Back in the sun -- Tom Slade, the former chairman of the Florida GOP, has agreed to come out of retirement to lead the Duval County Republican organization. Slade, who presided over the remaking of the Florida Republican Party into the state's dominant political force, is being called back to preside over the effort to elect a successor to outgoing Jacksonville Mayor John Delaney, a Republican. Some fear that without a leader of Slade's stature calling the shots, the field of likely GOP candidates would tear each other up so badly that there would be no hope of eventual victory.
Putting off until tomorrow ... -- "Blinded by the Right," David Brock's memoir of his seduction at the hands of right-wing intellectuals, was originally scheduled for October release. The book received a flurry of pre-release publicity over excerpts in which Brock admitted he had been less than truthful in his reporting on the Clarence Thomas-Anita Hill imbroglio. Eagerly anticipated by friends and foes alike, the book's release has now been put off until February 2002, according to the publisher's Web site.
Sooey of relief -- A new poll of 767 adults conducted by the University of Arkansas shows Republican U.S. Sen. Tim Hutchinson with a 58 percent approval rating. The same poll also shows him with a 51 percent favorable rating, which no doubt causes folks at the National Republican Senatorial Committee to breathe a little easier. Hutchinson is one of the two incumbents running for re-election next year about who Republicans are most worried. A basic political rule is that anytime an incumbent shows above 50 percent, they are out of the danger zone. And because the poll was of all adults, who as a sample tend to include more Democrats then the universe of registered voters, Hutchinson is likely in even better shape then the poll suggests.
Aid and comfort? -- The United States Agency for International Development has announced the award of $26.5 million in grants to the United Nations and other international organizations to assist the people of Afghanistan. The money will be used to provide non-food aid and will be administered through USAID's Office of Foreign Disaster Assistance.

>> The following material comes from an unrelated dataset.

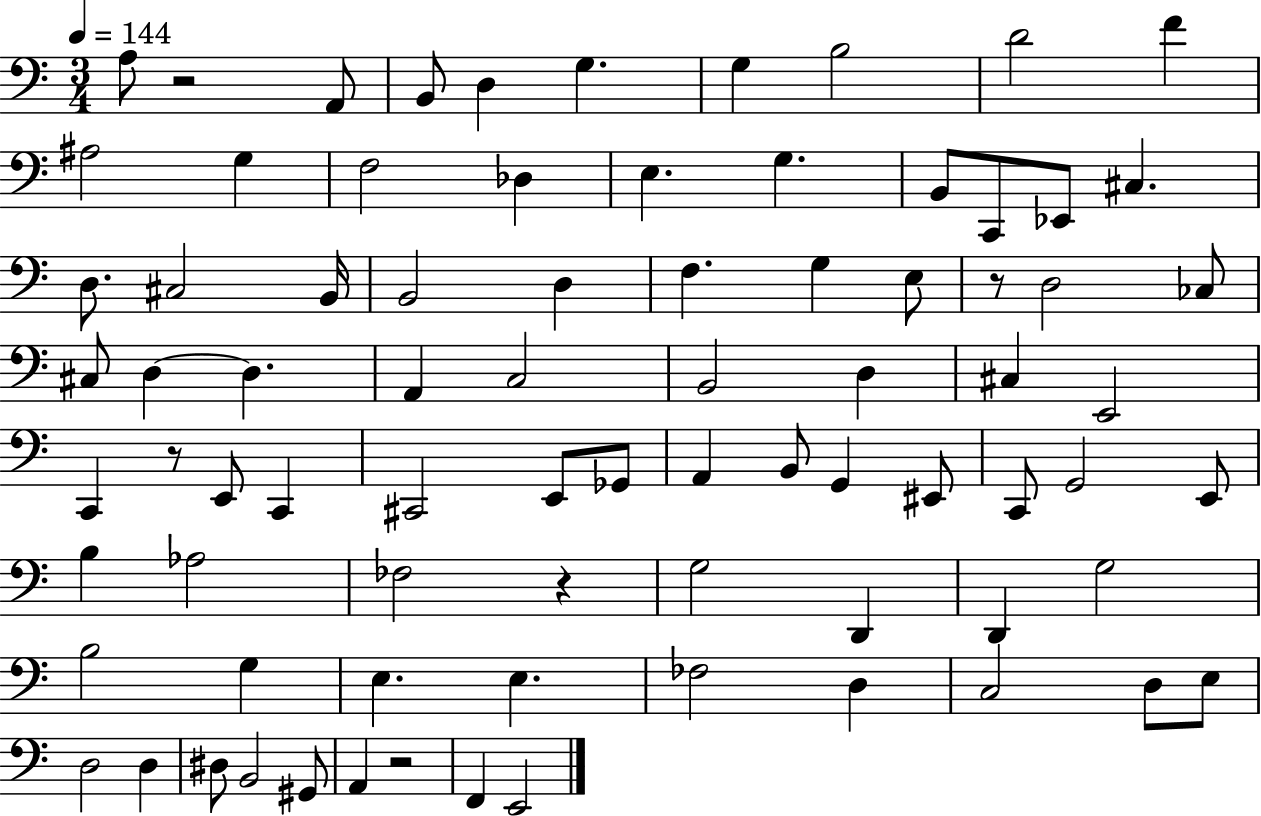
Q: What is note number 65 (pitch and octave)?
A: C3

This is getting interesting -- First, there was the Jesse Helms retirement watch. Then North Carolina Secretary of State Elaine Marshall, a Democrat, entered the race, pretty much clearing the field of other serious challengers for her party's nomination. Then Helms announced his retirement. This was quickly followed by an announcement by former U.S. Labor Secretary Elizabeth Dole that she would run on the GOP line. This cleared the GOP field of most all the other serious contenders, potential and otherwise. Then Erskine Bowles, former Clinton White House chief of staff -- who had earlier taken a pass on the race -- announced he was reconsidering and would be getting into the race. Now, if that's not confusing enough, a boomlet has gone up on behalf of C. Boyden Gray, White House counsel in the administration of George Bush the elder. Gray, scion of a wealthy tobacco family, could fund his own race if he chose. So it looks like it could be left versus right and men versus women on both sides of the aisle during the North Carolina primary season. And we all thought that whatever followed Jesse Helms could never be as interesting.

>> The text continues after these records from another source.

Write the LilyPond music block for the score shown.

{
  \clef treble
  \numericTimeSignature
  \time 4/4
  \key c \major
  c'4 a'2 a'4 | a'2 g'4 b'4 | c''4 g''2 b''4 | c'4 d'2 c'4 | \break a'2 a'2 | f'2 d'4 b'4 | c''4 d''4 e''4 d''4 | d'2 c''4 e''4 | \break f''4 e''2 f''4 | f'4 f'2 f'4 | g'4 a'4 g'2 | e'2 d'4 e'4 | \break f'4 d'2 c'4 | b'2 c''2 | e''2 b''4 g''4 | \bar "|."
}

Today, we march! -- The international Act Now to Stop War and End Racism coalition is holding a worldwide "day of action" on Saturday. According to their release, "Thousands of anti-war protestors are expected to rally in (New York's) Times Square against the relentless U.S. bombing in Afghanistan and the continuing assault on civil liberties at home." The coalition says the rally is one of over 100 that well be held in cities around the world, in a statement of international solidarity against the war and the killing of "hundreds if not thousands of civilians" while "preventing millions of starving Afghanis from receiving humanitarian aid." The New York event will end with a teach-in at the School of Humanities on the lower west side of Manhattan.

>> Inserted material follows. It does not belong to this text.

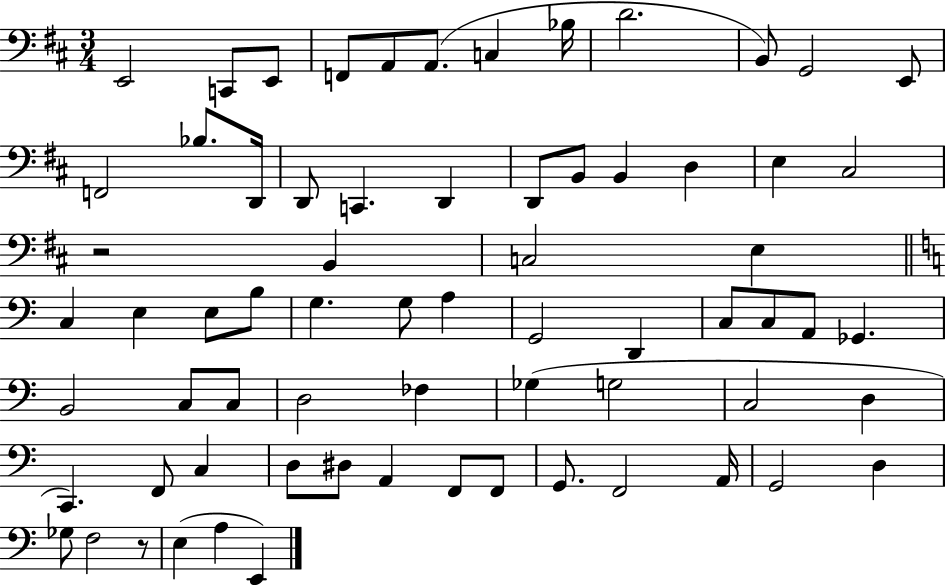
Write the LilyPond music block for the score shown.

New Jersey Gap, Day 2 -- Republicans are being tweaked by Democrats for their failure to back the GOP nominee for governor, Bret Schundler, to the hilt. The Democratic Governors' Association sent out its DGA Digest Thursday morning headlined "Is the RNC walking away from Schundler?" gleefully repeating The New Years Times' report that, with less then two weeks to go before the election, "the Republican National Committee has yet to buy a single penny of major television or radio advertising."
Out and in -- Rep. Steve Largent, R-Okla., has finally set the date for his departure from the U.S. House. He resigns to begin his run for governor effective Feb. 12. At the same time, the state legislature has approved a measure that would guarantee that the special election to pick his successor would occur by the 12th, ensuring the residents of his congressional district do not go without a member of Congress for even one day. Oklahoma's Gov. Frank Keating, a fellow Republican, is expected to sign the measure when it reaches his desk if for no other reason than his wife Cathy is the frontrunner in the race to succeed Largent.
Personnel note -- Former U.S. Rep. Mike Pappas, R-N.J., has been named regional administrator of the Small Business Administration for Region II, which oversees New York, New Jersey, Puerto Rico, and the U.S. Virgin Islands.